Gillespie wrote, "I agree with the general historical argument (made by Friedman and Christina Romer, among others) that monetary stimulus was responsible for countering the effects of the Depression in the mid-'30s."
Lee responded, "But a lot of people have fallen into the trap Milton Friedman warned us about: of taking low interest rates as a sign of loose money. In reality, low interest rates can be a sign of extremely tight money, as with Japan over the last two decades."
Sadly, the one point that neither man is willing to acknowledge is that monetary expansion has never actually solved anything. All it has ever managed to do is to paper over deeper problems.
Monetary expansion during the 1920s created the Great Depression. Monetary expansion during the 1930s didn't resolve it.
Some critics will protest, "But the monetary base didn't expand at all during the 1920s! So how can you claim that monetary expansion created the Great Depression?"
Sure, the monetary base didn't expand during the 1920s, but very clearly the money supply as a whole DID increase substantially. Remember, bank accounts are not counted as part of the monetary base. Yet, it was monetary expansion via fractional reserve banking that flooded the stock market with newly created cash during this period and created the mass illusion known as the Roaring Twenties. Without that monetary expansion, the Twenties could not have (seemingly) Roared, and the inevitable Crash of 1929 that followed could not have occurred. As it turned out, the Roar was actually a Bite.
Sure, there was definitely a monetary contraction immediately after the Crash of '29, but that contraction didn't last for 12 years. In fact, monetary expansion, by all accounts, began in the early-to-mid-1930s.
So why did it take 7-8 years or more for all that newly created cash to, supposedly, work?
The answer is that it didn't work. The supposed connection between monetary expansion and recovery is an illusion.
Witness this quote from a blog entry in 2008 at Macro and Other Market Musings entitled, "Monetary Policy Ended the Great Depression..." which cites a paper by Christina Romer in which she wrote:
"The money supply grew rapidly in the mid- and late 1930s because of a huge unsterilized gold inflow to the United States. Although the later gold inflow was mainly due to political developments in Europe, the largest inflow occurred immediately following the revaluation of gold mandated by the Roosevelt administration in 1934. Thus, the gold inflow was due partly to historical accident and partly to policy. The decision to let the gold inflow swell the U.S. money supply was also, at least in part, an independent policy choice. The Roosevelt administration chose not to sterilize the gold inflow because it hoped that an increase in the monetary gold stock would stimulate the depressed economy."

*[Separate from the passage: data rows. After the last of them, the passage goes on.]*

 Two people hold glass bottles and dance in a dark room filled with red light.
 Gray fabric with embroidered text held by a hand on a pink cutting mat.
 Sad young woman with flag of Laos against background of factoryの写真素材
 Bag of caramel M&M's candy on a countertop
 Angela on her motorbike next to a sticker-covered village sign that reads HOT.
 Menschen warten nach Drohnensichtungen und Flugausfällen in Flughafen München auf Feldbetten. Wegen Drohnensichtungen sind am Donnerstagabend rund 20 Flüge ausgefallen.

So, by Romer's own estimate, monetary expansion began in earnest in 1934, yet the economy didn't turn around until after the U.S. entered World War II. The obvious question is: what the hell took so long? Bear in mind that this is the same personality type that believes that if inflation doesn't appear within a year or two, then it won't come. They also believe that monetary expansion will eventually fix everything, even if it takes a decade or more to happen. Talk about a double standard!
Anyway, let's get back to Romer's argument. As you can see, Romer supplied a graph to describe what she (and others) contend actually happened. The graph purports to show what real GNP was and what it would have been under "normal" monetary policy. Put her supposition about what "normally" would have happened aside and look for a moment at the "real" line. As she is presenting it, it is a rapidly expanding GNP with just a little dip in 1937. This is typically the way most economists present it. But is it true? Does it accurately depict the economy of the 1930s?

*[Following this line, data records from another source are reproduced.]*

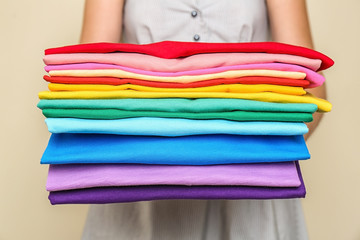 Woman holding stack of colorful t-shirts on light background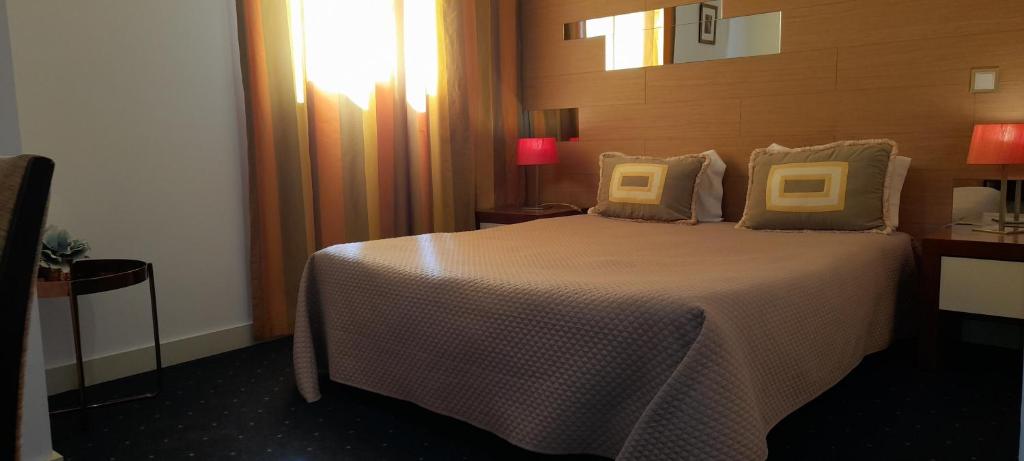 Postel nebo postele na pokoji v ubytování Hotel Abade João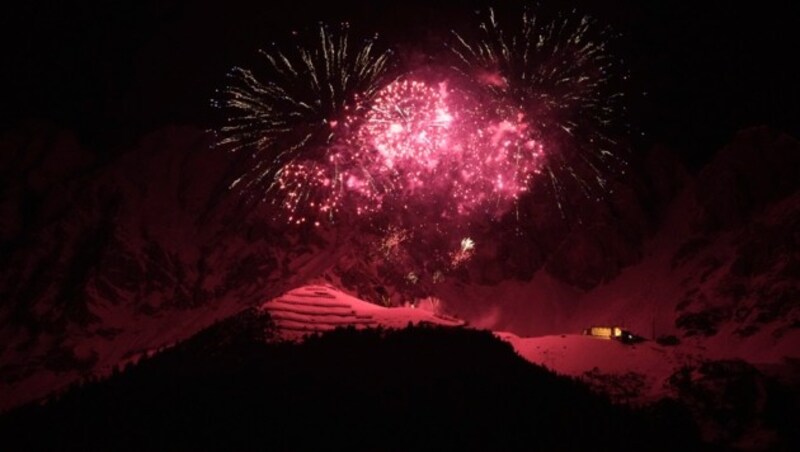 Die Nordkette in Innsbruck, durch das Licht des Feuerwerks rosarot eingefärbt. (Bild: AP Photo/Matthias Schrade)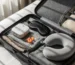 Travel sleep kit essentials arranged in a suitcase.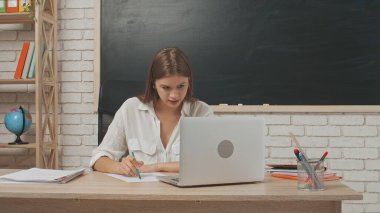 Okul öğretmeni sınıfta öğrencilere konuşuyor. Sınıfın masasındaki yazı tahtasının önünde oturan genç bayan üniversite öğretmeni öğrencilere laptoptaki video çağrısından ders veriyor. Eğitim kavramı.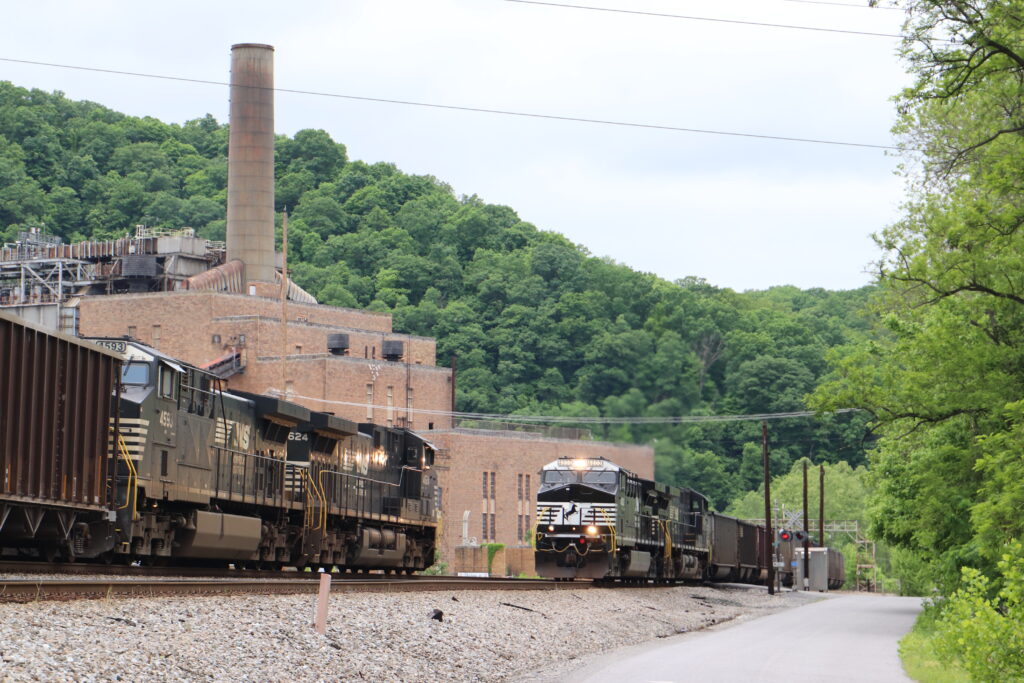 Two trains with black locomotives pass each other in front of a large brick building with a large smokestack on an overcast day.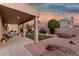 Inviting backyard with covered patio, lush green grass, gravel landscaping, and mature shade trees at 5545 E Helena Dr, Scottsdale, AZ 85254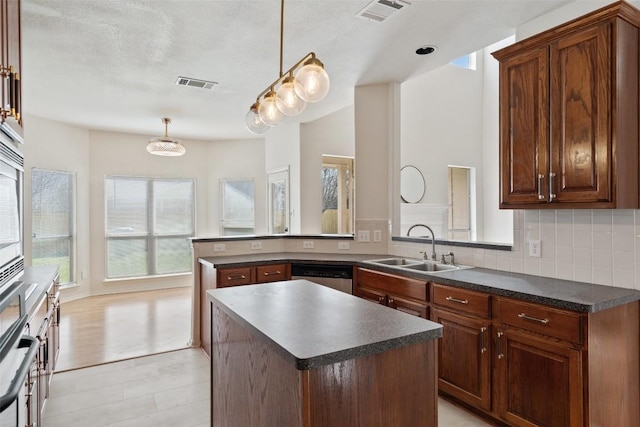 kitchen featuring a sink, visible vents, dark countertops, and backsplash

Well, as most people who lived through the Great Depression can tell you, it certainly wasn't true in their experience. Of course, the members of that generation are either quite elderly now or have passed on, but their joint message is clear. The 1930s right up until WWII was, economically speaking, a horrible time to live. It was not a time of an exciting, expanding economy. It was a time of hardship and difficulty to make ends meet.
How, then, can we reconcile this general, widespread perception of difficulty, trials, and tribulations with Romer's optimistic graph of GNP growth during this time period? We cannot, and herein lies a pointer to a major flaw in monetarist thinking.
Today, we experience the same flaw in action. Monetary expansion grew astronomically after the financial crisis of 2008, to the point where the monetary base is now roughly 3.5 times larger than it was. That's a monetary expansion that dwarfs what happened in the 1930s. Yet, like the 1930s, we experienced no economic growth as a result of it.
A seemingly unrelated tiff has simultaneously taken place between Paul Krugman, the Keynesian economist and New York Times blogger, and the country of Estonia. I say that it is "seemingly unrelated" because most people do not, in fact, consider them to be the same discussion at all. Yet, as you are about the see, they are precisely the same discussion.
It seems that Estonia, one of the 17 nations in the European Union, is (in Krugman's words) being presented to the world as, "the poster child for austerity defenders." He mocks this view by presenting a graph of the Estonian economy since 2007 as measured in GDP. Here it is:
Krugman follows this graph with a derisive rejoinder: "So, a terrible — Depression-level — slump, followed by a significant but still incomplete recovery. Better than no recovery at all, obviously — but this is what passes for economic triumph?"
Now, let's compare this graph to, say, a similar graph representing the American economy during the same period. Ah, here is one from Krugman himself, published at quantstocktrader.blogspot.com:
Krugman says, "It is a good chart to show how fiscal stimulus works with a austerity country as benchmark."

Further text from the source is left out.